We’ll see how that goes, but in real life Slaughter, who played in 69 games that year at the age of 38, had a crazy reverse platoon split, putting up a .700 OPS against righties and an .814 against lefties.

How it’s going so far is the Yankees are 6-3, on a five-game winning streak and tied for first in the A.L. East with Bill Simmons’ 2008 Boston Red Sox. Doesn’t seem like a fair fight to me. Bill’s guys are young and fit, plus David Ortiz, and mine are in their 80s, or dead.

Also in the division: Milo Kaminsky’s 1969 Baltimore Orioles, Jack Perconte’s 2007 Cleveland Indians, Gary Gillette’s 1961 Detroit Tigers, Jason Bova’s 1985 Toronto Blue Jays and Joe Dimino’s 1925 Washington Senators.

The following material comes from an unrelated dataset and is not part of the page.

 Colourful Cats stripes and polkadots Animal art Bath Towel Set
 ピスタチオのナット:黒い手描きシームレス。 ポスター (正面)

The Yanks got off to a rough start, losing two in a row before salvaging the third game against Joe Hamrahi and Craig Brown’s 1977 Kansas City Royals. Then they got pounded by the Senators 11-1 to fall to 1-3 before Eddie Lopat threw a shutout to launch New York on its winning streak, two wins over the Senators and a three-game road sweep over Perconte’s ’07 Indians.

Take that, former big-leaguer, who by the way has been blogging entertainingly at Seamheads about his career.

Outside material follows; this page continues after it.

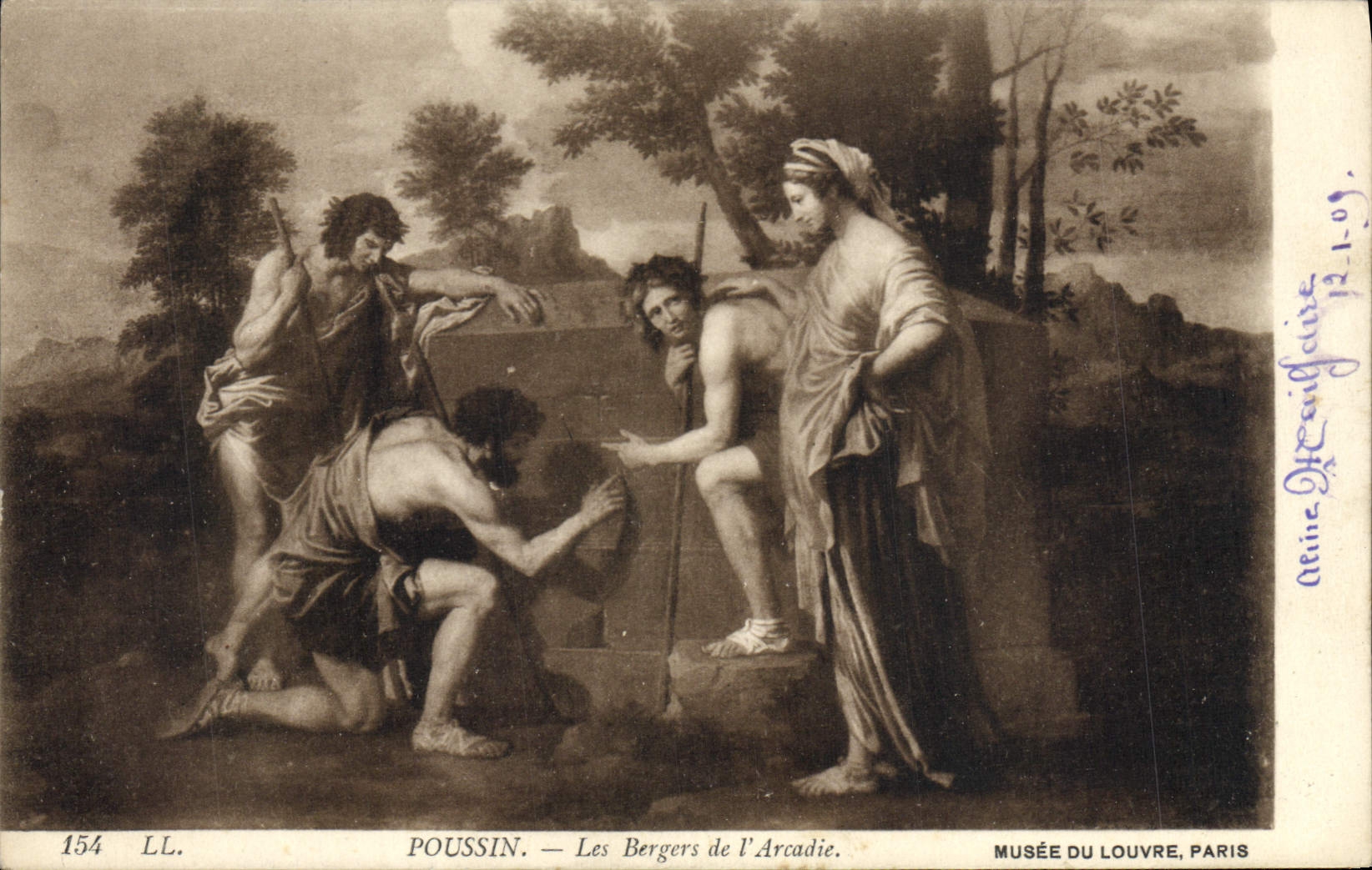 Les Bergers de l'Arcadie — Peinture de Poussin — Musée du Louvre, Paris — Série LL. n°154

Next up, we go to Washington, Whitey Ford, still looking for his first win, against Tom Zachary in the opener.

Using Skowron over Collins is really paying off so far. Skowron’s 7-for-31 with no extra-base hits and a .520 OPS. Collins is 6-for-14 with a triple and a 1.071 OPS. Small sample size, but there might be some good reason why playing Skowron over Collins won’t work. Slaughter, by the way, is 4-for-15.

According to Baseball Almanac, my highest-paid player is Mickey Mantle, who made $21,000 that year. In today’s money, that’s $166,470. It’s good to be an owner.